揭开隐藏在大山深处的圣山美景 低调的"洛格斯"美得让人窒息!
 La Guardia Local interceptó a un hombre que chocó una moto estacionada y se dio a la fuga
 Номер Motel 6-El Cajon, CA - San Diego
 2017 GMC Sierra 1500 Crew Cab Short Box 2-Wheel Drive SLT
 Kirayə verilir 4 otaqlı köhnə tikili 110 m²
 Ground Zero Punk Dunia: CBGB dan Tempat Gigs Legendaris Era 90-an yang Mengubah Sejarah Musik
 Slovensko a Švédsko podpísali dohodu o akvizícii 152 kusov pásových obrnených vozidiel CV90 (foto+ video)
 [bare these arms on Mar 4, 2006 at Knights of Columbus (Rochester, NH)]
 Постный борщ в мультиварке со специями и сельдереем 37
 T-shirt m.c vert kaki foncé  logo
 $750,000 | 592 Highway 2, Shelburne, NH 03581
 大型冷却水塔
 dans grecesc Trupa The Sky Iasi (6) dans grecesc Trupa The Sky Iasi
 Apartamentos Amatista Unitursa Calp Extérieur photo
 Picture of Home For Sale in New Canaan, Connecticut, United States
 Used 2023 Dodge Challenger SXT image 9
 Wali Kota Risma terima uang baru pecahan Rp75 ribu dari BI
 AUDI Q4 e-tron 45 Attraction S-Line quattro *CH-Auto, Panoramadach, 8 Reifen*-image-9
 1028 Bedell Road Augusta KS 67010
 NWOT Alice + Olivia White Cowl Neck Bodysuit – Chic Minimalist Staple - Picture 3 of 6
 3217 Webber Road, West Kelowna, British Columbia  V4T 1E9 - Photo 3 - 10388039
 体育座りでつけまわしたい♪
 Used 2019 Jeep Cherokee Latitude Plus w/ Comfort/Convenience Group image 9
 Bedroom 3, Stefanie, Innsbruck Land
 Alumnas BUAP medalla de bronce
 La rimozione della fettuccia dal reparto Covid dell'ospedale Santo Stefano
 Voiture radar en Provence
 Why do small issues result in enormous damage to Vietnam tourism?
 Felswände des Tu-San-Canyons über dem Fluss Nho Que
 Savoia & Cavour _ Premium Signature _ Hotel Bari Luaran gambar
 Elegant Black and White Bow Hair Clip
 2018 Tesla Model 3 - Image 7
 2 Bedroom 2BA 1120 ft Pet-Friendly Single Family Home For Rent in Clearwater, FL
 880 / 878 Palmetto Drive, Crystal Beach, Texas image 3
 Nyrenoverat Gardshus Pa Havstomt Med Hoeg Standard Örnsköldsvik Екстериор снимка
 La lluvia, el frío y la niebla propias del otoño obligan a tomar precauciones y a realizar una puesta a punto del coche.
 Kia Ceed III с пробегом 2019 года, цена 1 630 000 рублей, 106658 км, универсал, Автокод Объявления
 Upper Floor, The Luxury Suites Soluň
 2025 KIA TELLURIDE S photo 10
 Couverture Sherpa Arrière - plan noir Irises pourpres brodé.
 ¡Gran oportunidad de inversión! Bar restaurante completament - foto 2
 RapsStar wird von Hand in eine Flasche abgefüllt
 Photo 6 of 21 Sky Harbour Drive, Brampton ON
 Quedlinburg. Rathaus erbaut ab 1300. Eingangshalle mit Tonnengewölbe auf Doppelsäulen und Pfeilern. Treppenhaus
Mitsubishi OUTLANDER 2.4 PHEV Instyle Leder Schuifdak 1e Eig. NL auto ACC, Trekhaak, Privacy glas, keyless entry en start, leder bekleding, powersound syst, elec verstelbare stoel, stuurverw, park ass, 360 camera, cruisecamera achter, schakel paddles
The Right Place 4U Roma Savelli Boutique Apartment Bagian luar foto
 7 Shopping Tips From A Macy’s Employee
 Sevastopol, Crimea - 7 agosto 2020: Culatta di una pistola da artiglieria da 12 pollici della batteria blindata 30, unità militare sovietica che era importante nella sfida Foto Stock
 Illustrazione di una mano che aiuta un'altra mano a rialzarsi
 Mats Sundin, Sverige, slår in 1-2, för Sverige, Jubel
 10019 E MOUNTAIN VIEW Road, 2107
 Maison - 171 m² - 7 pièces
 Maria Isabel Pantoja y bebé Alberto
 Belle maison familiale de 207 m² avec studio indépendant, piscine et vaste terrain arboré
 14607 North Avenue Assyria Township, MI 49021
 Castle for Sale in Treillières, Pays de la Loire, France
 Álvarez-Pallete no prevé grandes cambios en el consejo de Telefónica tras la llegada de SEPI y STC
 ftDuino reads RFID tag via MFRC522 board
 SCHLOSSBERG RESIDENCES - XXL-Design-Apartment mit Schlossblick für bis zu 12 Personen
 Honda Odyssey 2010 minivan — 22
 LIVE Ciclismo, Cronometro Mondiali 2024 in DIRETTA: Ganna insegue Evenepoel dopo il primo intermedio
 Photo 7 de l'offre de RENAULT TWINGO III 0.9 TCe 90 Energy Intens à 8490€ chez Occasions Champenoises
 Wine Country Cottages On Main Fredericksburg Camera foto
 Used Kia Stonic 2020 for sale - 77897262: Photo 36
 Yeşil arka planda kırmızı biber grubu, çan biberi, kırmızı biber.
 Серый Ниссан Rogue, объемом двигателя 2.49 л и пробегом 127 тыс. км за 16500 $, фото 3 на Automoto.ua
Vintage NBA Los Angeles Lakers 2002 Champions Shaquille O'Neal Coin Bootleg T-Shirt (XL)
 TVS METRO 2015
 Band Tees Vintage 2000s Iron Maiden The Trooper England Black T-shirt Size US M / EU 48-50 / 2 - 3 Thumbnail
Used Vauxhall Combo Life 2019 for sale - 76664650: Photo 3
********************
### Assignment:
All lines with the word "пробегом" must be located in the data and copied.

### Exercise response:
 Kia Ceed III с пробегом 2019 года, цена 1 630 000 рублей, 106658 км, универсал, Автокод Объявления
 Серый Ниссан Rogue, объемом двигателя 2.49 л и пробегом 127 тыс. км за 16500 $, фото 3 на Automoto.ua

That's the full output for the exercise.